--- SUPPLIED MATERIAL Enclosed Below ---

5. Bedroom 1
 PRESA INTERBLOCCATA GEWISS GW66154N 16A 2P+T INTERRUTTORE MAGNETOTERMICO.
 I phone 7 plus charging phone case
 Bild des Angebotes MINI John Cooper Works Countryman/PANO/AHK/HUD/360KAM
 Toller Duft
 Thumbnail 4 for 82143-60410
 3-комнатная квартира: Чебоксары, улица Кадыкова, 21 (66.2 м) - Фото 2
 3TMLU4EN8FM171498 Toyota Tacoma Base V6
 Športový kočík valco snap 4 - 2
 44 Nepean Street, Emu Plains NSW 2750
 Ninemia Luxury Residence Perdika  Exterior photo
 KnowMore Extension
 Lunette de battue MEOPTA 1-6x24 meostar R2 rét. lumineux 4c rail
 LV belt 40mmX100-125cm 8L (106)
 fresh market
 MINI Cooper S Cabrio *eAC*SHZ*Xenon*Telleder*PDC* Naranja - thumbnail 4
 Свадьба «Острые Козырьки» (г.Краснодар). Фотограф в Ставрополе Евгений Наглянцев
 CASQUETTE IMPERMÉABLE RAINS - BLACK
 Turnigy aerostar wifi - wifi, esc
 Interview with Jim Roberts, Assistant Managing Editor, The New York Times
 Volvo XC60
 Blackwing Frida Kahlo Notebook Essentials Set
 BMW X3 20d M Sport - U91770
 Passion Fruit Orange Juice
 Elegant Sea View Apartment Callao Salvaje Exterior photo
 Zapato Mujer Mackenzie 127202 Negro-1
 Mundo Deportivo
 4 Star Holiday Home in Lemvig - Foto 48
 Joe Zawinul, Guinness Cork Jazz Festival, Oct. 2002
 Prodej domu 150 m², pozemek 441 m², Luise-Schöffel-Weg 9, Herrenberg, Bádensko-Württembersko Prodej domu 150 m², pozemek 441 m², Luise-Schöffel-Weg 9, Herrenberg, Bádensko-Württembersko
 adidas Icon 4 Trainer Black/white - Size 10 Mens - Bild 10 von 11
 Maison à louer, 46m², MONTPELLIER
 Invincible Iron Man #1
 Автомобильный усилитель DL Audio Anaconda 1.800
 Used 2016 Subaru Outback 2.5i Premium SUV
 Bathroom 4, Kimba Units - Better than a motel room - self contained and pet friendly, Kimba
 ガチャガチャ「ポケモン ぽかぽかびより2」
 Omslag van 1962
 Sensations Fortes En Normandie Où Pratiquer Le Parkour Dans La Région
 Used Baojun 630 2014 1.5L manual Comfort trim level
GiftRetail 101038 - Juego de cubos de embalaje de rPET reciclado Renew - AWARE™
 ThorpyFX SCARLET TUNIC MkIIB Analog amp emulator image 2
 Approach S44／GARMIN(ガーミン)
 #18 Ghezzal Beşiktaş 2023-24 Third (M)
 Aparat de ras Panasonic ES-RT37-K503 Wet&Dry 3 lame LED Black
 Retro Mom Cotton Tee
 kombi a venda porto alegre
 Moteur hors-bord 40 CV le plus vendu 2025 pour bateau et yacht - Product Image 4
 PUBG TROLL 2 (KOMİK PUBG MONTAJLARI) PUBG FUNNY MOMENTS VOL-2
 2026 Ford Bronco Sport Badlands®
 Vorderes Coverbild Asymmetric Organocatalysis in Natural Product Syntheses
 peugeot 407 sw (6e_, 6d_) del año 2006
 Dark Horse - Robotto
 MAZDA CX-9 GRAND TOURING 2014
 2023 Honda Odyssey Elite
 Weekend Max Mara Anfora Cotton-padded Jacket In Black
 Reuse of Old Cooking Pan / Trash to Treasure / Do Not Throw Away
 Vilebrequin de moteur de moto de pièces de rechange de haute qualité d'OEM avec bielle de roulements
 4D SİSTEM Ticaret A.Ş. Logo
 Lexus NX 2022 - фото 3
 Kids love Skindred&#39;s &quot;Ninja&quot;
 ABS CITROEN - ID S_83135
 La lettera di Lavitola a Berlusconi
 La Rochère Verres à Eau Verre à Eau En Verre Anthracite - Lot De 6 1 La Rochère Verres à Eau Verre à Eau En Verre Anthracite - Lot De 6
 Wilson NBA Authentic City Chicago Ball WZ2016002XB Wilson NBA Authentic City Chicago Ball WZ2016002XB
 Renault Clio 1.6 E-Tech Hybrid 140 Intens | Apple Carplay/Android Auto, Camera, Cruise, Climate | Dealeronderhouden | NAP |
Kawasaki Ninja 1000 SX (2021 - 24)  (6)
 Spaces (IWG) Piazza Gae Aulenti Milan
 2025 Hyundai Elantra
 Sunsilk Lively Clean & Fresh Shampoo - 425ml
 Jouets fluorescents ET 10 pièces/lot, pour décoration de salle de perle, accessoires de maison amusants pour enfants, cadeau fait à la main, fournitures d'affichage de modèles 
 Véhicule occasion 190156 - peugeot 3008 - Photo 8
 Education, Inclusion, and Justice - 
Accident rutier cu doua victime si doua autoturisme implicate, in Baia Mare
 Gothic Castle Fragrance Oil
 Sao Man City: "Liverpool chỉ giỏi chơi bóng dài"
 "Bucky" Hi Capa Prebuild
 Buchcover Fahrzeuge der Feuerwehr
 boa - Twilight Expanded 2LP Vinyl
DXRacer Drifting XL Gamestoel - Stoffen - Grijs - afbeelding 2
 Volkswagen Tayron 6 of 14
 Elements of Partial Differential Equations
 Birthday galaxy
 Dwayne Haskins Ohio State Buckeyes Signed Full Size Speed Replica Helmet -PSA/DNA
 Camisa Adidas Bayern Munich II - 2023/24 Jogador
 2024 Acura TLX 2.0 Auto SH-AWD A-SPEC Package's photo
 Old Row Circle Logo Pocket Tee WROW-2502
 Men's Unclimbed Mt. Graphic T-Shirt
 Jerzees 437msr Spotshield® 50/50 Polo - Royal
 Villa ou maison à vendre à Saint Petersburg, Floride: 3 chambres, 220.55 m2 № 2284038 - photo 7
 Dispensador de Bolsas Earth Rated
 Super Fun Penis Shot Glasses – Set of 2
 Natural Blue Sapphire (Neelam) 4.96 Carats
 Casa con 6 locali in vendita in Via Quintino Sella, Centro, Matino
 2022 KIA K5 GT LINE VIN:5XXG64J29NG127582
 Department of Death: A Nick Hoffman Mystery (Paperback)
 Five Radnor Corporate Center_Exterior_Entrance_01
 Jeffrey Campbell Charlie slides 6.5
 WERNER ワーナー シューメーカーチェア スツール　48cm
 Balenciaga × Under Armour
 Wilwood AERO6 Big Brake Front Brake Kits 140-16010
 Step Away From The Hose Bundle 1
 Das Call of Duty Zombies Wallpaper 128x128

--- End of Enclosed SUPPLIED MATERIAL ---

**TASK GOAL:** Output the material verbatim, including every line.

**OUTPUT OF THE TASK:**
5. Bedroom 1
 PRESA INTERBLOCCATA GEWISS GW66154N 16A 2P+T INTERRUTTORE MAGNETOTERMICO.
 I phone 7 plus charging phone case
 Bild des Angebotes MINI John Cooper Works Countryman/PANO/AHK/HUD/360KAM
 Toller Duft
 Thumbnail 4 for 82143-60410
 3-комнатная квартира: Чебоксары, улица Кадыкова, 21 (66.2 м) - Фото 2
 3TMLU4EN8FM171498 Toyota Tacoma Base V6
 Športový kočík valco snap 4 - 2
 44 Nepean Street, Emu Plains NSW 2750
 Ninemia Luxury Residence Perdika  Exterior photo
 KnowMore Extension
 Lunette de battue MEOPTA 1-6x24 meostar R2 rét. lumineux 4c rail
 LV belt 40mmX100-125cm 8L (106)
 fresh market
 MINI Cooper S Cabrio *eAC*SHZ*Xenon*Telleder*PDC* Naranja - thumbnail 4
 Свадьба «Острые Козырьки» (г.Краснодар). Фотограф в Ставрополе Евгений Наглянцев
 CASQUETTE IMPERMÉABLE RAINS - BLACK
 Turnigy aerostar wifi - wifi, esc
 Interview with Jim Roberts, Assistant Managing Editor, The New York Times
 Volvo XC60
 Blackwing Frida Kahlo Notebook Essentials Set
 BMW X3 20d M Sport - U91770
 Passion Fruit Orange Juice
 Elegant Sea View Apartment Callao Salvaje Exterior photo
 Zapato Mujer Mackenzie 127202 Negro-1
 Mundo Deportivo
 4 Star Holiday Home in Lemvig - Foto 48
 Joe Zawinul, Guinness Cork Jazz Festival, Oct. 2002
 Prodej domu 150 m², pozemek 441 m², Luise-Schöffel-Weg 9, Herrenberg, Bádensko-Württembersko Prodej domu 150 m², pozemek 441 m², Luise-Schöffel-Weg 9, Herrenberg, Bádensko-Württembersko
 adidas Icon 4 Trainer Black/white - Size 10 Mens - Bild 10 von 11
 Maison à louer, 46m², MONTPELLIER
 Invincible Iron Man #1
 Автомобильный усилитель DL Audio Anaconda 1.800
 Used 2016 Subaru Outback 2.5i Premium SUV
 Bathroom 4, Kimba Units - Better than a motel room - self contained and pet friendly, Kimba
 ガチャガチャ「ポケモン ぽかぽかびより2」
 Omslag van 1962
 Sensations Fortes En Normandie Où Pratiquer Le Parkour Dans La Région
 Used Baojun 630 2014 1.5L manual Comfort trim level
GiftRetail 101038 - Juego de cubos de embalaje de rPET reciclado Renew - AWARE™
 ThorpyFX SCARLET TUNIC MkIIB Analog amp emulator image 2
 Approach S44／GARMIN(ガーミン)
 #18 Ghezzal Beşiktaş 2023-24 Third (M)
 Aparat de ras Panasonic ES-RT37-K503 Wet&Dry 3 lame LED Black
 Retro Mom Cotton Tee
 kombi a venda porto alegre
 Moteur hors-bord 40 CV le plus vendu 2025 pour bateau et yacht - Product Image 4
 PUBG TROLL 2 (KOMİK PUBG MONTAJLARI) PUBG FUNNY MOMENTS VOL-2
 2026 Ford Bronco Sport Badlands®
 Vorderes Coverbild Asymmetric Organocatalysis in Natural Product Syntheses
 peugeot 407 sw (6e_, 6d_) del año 2006
 Dark Horse - Robotto
 MAZDA CX-9 GRAND TOURING 2014
 2023 Honda Odyssey Elite
 Weekend Max Mara Anfora Cotton-padded Jacket In Black
 Reuse of Old Cooking Pan / Trash to Treasure / Do Not Throw Away
 Vilebrequin de moteur de moto de pièces de rechange de haute qualité d'OEM avec bielle de roulements
 4D SİSTEM Ticaret A.Ş. Logo
 Lexus NX 2022 - фото 3
 Kids love Skindred&#39;s &quot;Ninja&quot;
 ABS CITROEN - ID S_83135
 La lettera di Lavitola a Berlusconi
 La Rochère Verres à Eau Verre à Eau En Verre Anthracite - Lot De 6 1 La Rochère Verres à Eau Verre à Eau En Verre Anthracite - Lot De 6
 Wilson NBA Authentic City Chicago Ball WZ2016002XB Wilson NBA Authentic City Chicago Ball WZ2016002XB
 Renault Clio 1.6 E-Tech Hybrid 140 Intens | Apple Carplay/Android Auto, Camera, Cruise, Climate | Dealeronderhouden | NAP |
Kawasaki Ninja 1000 SX (2021 - 24)  (6)
 Spaces (IWG) Piazza Gae Aulenti Milan
 2025 Hyundai Elantra
 Sunsilk Lively Clean & Fresh Shampoo - 425ml
 Jouets fluorescents ET 10 pièces/lot, pour décoration de salle de perle, accessoires de maison amusants pour enfants, cadeau fait à la main, fournitures d'affichage de modèles 
 Véhicule occasion 190156 - peugeot 3008 - Photo 8
 Education, Inclusion, and Justice - 
Accident rutier cu doua victime si doua autoturisme implicate, in Baia Mare
 Gothic Castle Fragrance Oil
 Sao Man City: "Liverpool chỉ giỏi chơi bóng dài"
 "Bucky" Hi Capa Prebuild
 Buchcover Fahrzeuge der Feuerwehr
 boa - Twilight Expanded 2LP Vinyl
DXRacer Drifting XL Gamestoel - Stoffen - Grijs - afbeelding 2
 Volkswagen Tayron 6 of 14
 Elements of Partial Differential Equations
 Birthday galaxy
 Dwayne Haskins Ohio State Buckeyes Signed Full Size Speed Replica Helmet -PSA/DNA
 Camisa Adidas Bayern Munich II - 2023/24 Jogador
 2024 Acura TLX 2.0 Auto SH-AWD A-SPEC Package's photo
 Old Row Circle Logo Pocket Tee WROW-2502
 Men's Unclimbed Mt. Graphic T-Shirt
 Jerzees 437msr Spotshield® 50/50 Polo - Royal
 Villa ou maison à vendre à Saint Petersburg, Floride: 3 chambres, 220.55 m2 № 2284038 - photo 7
 Dispensador de Bolsas Earth Rated
 Super Fun Penis Shot Glasses – Set of 2
 Natural Blue Sapphire (Neelam) 4.96 Carats
 Casa con 6 locali in vendita in Via Quintino Sella, Centro, Matino
 2022 KIA K5 GT LINE VIN:5XXG64J29NG127582
 Department of Death: A Nick Hoffman Mystery (Paperback)
 Five Radnor Corporate Center_Exterior_Entrance_01
 Jeffrey Campbell Charlie slides 6.5
 WERNER ワーナー シューメーカーチェア スツール　48cm
 Balenciaga × Under Armour
 Wilwood AERO6 Big Brake Front Brake Kits 140-16010
 Step Away From The Hose Bundle 1
 Das Call of Duty Zombies Wallpaper 128x128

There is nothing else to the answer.